There’s no official investigation yet, but the company could be looking at antitrust allegations over new subscription options in iTunes. The Wall Street Journal quoted a spokesperson for the European Commission saying that they, too, were “carefully monitoring the situation.”
It started with a digital-only newspaper, The Daily. When The Daily premiered earlier this month, it was the first publication to make use of a subscription model on iTunes. Everything else you bought for your iOS devices — your iPod, iPhone or iPad — through iTunes was based on a one-time charge for content delivered right then.
Within days, Apple announced that subscriptions would now be available right in the app for services like magazine, video and music. Convenience for the users, however, was not without its caveats for the publishers.

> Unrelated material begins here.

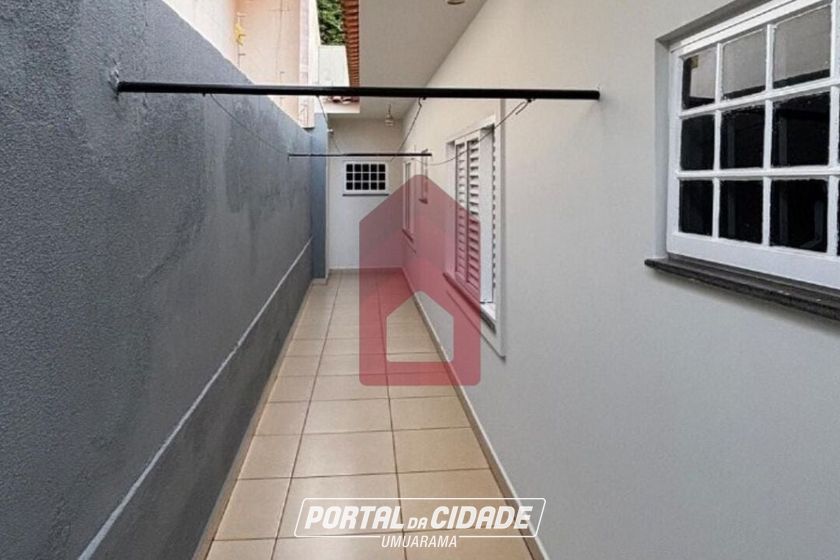 Casa &agrave; venda - 200m&sup2; - Jardim Aratimb&oacute;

In the words of Steve Jobs, or at least the people Steve Jobs hires to create his quotes for press releases, “when Apple brings a new subscriber to the app, Apple earns a 30 percent share; when the publisher brings an existing or new subscriber to the app, the publisher keeps 100 percent and Apple earns nothing. All we require is that, if a publisher is making a subscription offer outside of the app, the same (or better) offer be made inside the app.”
Apple also forbids apps from providing a link to buy a subscription outside the app.
I can’t say whether or not it’s legal. But it’s certainly greedy.
Say I have a downtown shop. Business is good, but more and more people are buying on eBay. So I start listing some of my items on eBay to supplement my sales. eBay charges a fee for the privilege, but whatever, that’s their prerogative.
What eBay doesn’t do is tell me how to price things in my downtown shop. They couldn’t care less. If I mark up my items on eBay to compensate for some of the fees and keep prices in my shop a bit lower, that’s my prerogative. (I might not sell anything given vicious price competition online, but that’s not eBay’s fault.)
Apple’s requirements do tell vendors what to charge. If they can’t recover the 30 percent charge by marking up in-app purchases, and they can’t offer subscribers a price incentive to buy outside the app, what value does the app hold? Not many subscriptions are running at a 30-percent profit margin, and if a company can’t make money in the iWorld, they very well might pull out of it altogether. Sure, they’ll lose market share, but market share you essentially pay for won’t be worth it to a lot of providers.
The alternative is for providers to raise prices for everyone. You end up subsidizing the folks who sign up through the app even if you sign up independently.
What’ll be really hilarious is if the same subscription for another platform — Android, Windows Phone, WebOS, BlackBerry — is cheaper than for the iOS app. The cost is lower, and Apple really can’t control what you charge on other devices, right?
Right, Apple? You don’t think you can do that, do you?